Mitotic Spindle Components

• Centrosomes: Anchor and organize spindle microtubules.

• Spindle Microtubules: Attach to chromosomes and pull them apart.

• Asters: Star-shaped microtubule arrays, help position spindle apparatus.

Kinetochores

• Protein complexes on centromeres; attach chromosomes to spindle fibers.

• Critical during metaphase (alignment) and anaphase (separation).

Cell Division Phases

• Interphase:

  • G1: Cell growth, protein synthesis.

  • S: DNA replication, centrosome duplication.

  • G2: Further growth, DNA error checking and repair.

• Mitotic (M) Phase:

  • Mitosis: Division of genetic material into two nuclei.

    • Prophase: Chromatin condenses.

    • Prometaphase: Nuclear envelope disappears, spindle fibers attach.

    • Metaphase: Chromosomes align at metaphase plate.

    • Anaphase: Sister chromatids pulled apart.

    • Telophase: Nuclear envelope reforms, chromosomes de-condense.

  • Cytokinesis: Division of cytoplasm.

    • Cleavage Furrow: In animal cells, membrane pinches inward.

    • Cell Plate: In plant cells, forms new cell wall.

• Bacterial Binary Fission: DNA replication starts at origin; cell divides after DNA is copied.

Evolution of Mitosis

Binary fission in prokaryotes preceded mitosis in eukaryotes.
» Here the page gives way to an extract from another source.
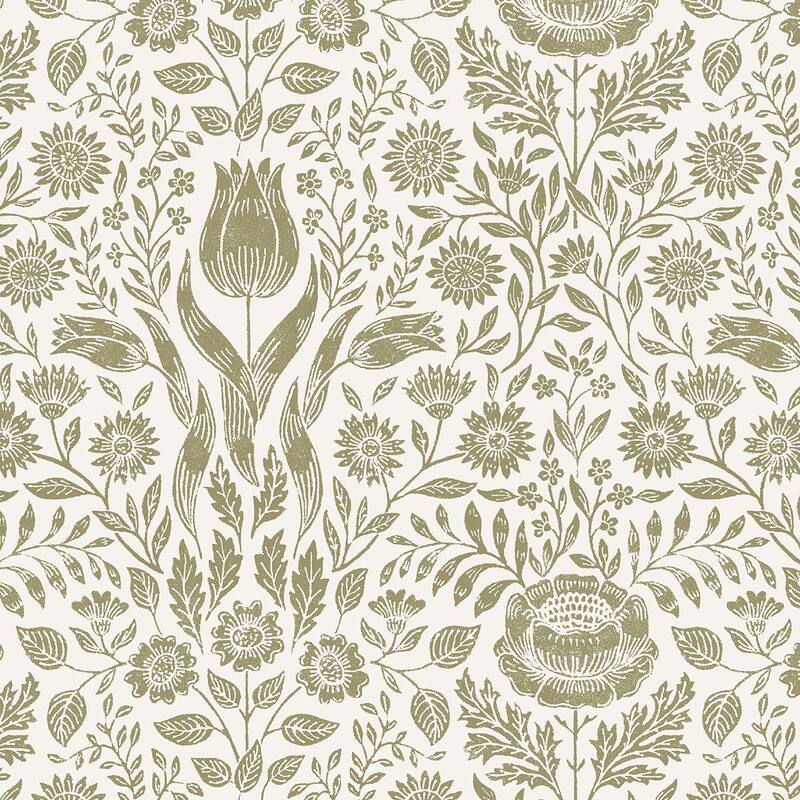 Laura Ashley Ashstead Damask Hedgerow Wallpaper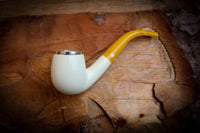 Silver Smooth Special Handmade Bent Block Meerschaum Pipe With Leather Case- Astaş Meerschaum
Some protists display intermediate replication processes, indicating gradual evolution of mitosis.

Cell Cycle Regulation

Cell Division Frequencies

• Skin/intestine cells divide frequently; nerve/muscle cells rarely; stem cells divide as needed.

Cell Cycle Checkpoints

• G1 Checkpoint: End of G1 phase; checks cell size, nutrients, DNA integrity.
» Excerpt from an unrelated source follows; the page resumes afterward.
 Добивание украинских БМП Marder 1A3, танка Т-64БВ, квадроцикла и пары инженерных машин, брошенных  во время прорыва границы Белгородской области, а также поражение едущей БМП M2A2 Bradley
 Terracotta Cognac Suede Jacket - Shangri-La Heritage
• G2 Checkpoint: End of G2 phase; checks DNA replication and damage.

• M Checkpoint: During metaphase; checks chromosome alignment and spindle attachment.

Apoptosis

• Programmed cell death; cell shrinks, components packaged for removal.

• Occurs to remove damaged, infected, or unnecessary cells.

• Necrosis is unplanned cell death.

External and Internal Signals

• External:

  • Growth Factors: Stimulate cell division.

  • Density-Dependent Inhibition: Cells stop dividing upon contact.

  • Anchorage Dependence: Cells must be attached to a surface to divide.

• Internal:

  • p53 Protein: Checks for DNA damage; triggers apoptosis if irreparable.

  • Cyclin and Cyclin-Dependent Kinase (CDK): Cyclins bind to CDKs, activating them and pushing cells through cycle phases.

Mutation Example: If CDK is permanently active, cell cycle checkpoints are bypassed, leading to uncontrolled division (potential cancer).

M Phase Checkpoint

• Ensures chromosomes are properly aligned and attached to spindle fibers.

Disruption of Cell Cycle

• Can result in cancer or apoptosis.

• Cancer Cells: Loss of growth control, contact inhibition, anchorage dependence, apoptosis, metastasis, abnormal nuclei.

• Failure of G1 and G2 checkpoints leads to tumor formation.

• Benign vs. Malignant Tumors: Benign tumors are localized; malignant tumors invade other tissues.

• Proto-oncogenes vs. Oncogenes: Proto-oncogenes regulate normal growth; oncogenes are mutated, causing uncontrolled division.

Comparison of Benign and Malignant Tumors

The following table summarizes key differences between benign and malignant tumors:

Additional Info

• Drug development often targets signal transduction pathways to treat diseases such as cancer.

• Transcription factors are crucial in nuclear responses, regulating gene expression.